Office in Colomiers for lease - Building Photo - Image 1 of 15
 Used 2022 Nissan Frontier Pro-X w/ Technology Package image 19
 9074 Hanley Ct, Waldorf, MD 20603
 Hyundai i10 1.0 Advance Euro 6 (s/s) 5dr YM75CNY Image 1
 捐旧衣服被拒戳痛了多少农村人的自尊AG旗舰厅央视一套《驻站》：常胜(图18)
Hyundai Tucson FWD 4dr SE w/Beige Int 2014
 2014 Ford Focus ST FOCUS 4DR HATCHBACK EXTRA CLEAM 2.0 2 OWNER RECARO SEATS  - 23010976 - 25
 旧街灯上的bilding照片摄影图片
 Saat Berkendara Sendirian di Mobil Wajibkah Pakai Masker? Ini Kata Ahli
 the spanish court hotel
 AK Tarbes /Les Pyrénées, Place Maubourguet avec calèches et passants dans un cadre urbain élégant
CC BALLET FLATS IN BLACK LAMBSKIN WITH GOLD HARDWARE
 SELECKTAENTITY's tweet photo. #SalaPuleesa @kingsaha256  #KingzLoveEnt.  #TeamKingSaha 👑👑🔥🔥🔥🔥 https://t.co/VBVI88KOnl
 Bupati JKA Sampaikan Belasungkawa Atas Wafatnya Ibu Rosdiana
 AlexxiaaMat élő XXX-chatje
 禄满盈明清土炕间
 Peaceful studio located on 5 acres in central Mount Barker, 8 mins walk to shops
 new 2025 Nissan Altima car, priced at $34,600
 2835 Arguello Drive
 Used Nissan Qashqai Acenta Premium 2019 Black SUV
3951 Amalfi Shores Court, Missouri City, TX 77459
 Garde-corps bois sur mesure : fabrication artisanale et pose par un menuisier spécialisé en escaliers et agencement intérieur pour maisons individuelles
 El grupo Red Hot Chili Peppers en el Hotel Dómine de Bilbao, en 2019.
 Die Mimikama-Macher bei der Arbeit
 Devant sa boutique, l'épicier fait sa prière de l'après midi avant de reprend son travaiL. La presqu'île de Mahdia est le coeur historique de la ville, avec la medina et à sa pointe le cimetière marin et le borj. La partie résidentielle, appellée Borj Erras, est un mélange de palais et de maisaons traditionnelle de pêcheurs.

## WHAT THE TASK ASKS
Reproduce only the lines above spanning from the line containing "Used Nissan Qashqai" through the line containing "Garde-corps bois sur", word for word.

## YOUR RESPONSE
 Used Nissan Qashqai Acenta Premium 2019 Black SUV
3951 Amalfi Shores Court, Missouri City, TX 77459
 Garde-corps bois sur mesure : fabrication artisanale et pose par un menuisier spécialisé en escaliers et agencement intérieur pour maisons individuelles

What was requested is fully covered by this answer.